··· Exercise data ···

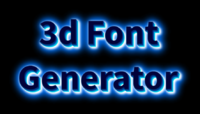 3d Font Generator テキスト効果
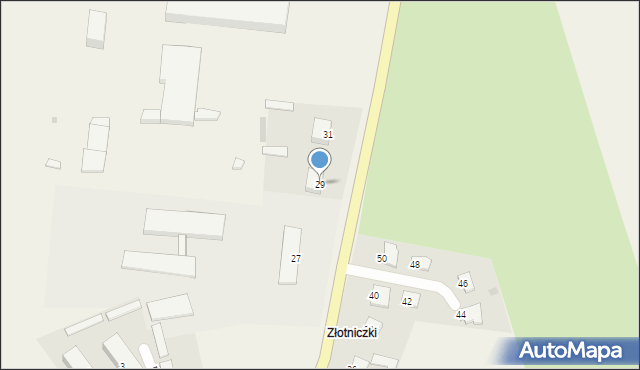Złotniki Kujawskie, Jęczmienna, 29, mapa Złotniki Kujawskie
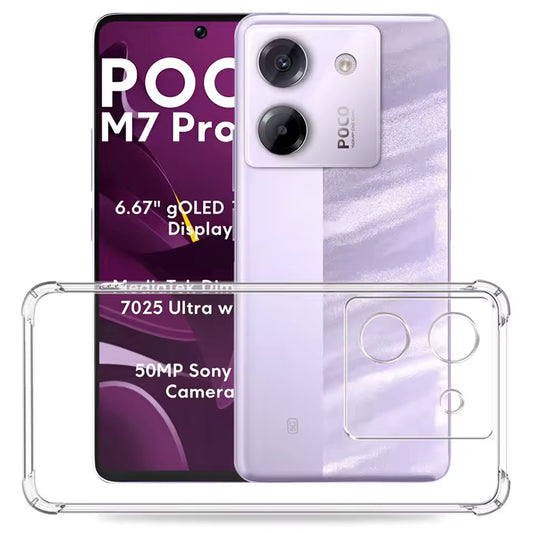 Husa pentru Xiaomi Poco M7 Pro 5G, Techsuit, Shockproof Clear, Transparenta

···

Copy the material verbatim. The pictures are not part of the copy.

 3d Font Generator テキスト効果
Złotniki Kujawskie, Jęczmienna, 29, mapa Złotniki Kujawskie
 Husa pentru Xiaomi Poco M7 Pro 5G, Techsuit, Shockproof Clear, Transparenta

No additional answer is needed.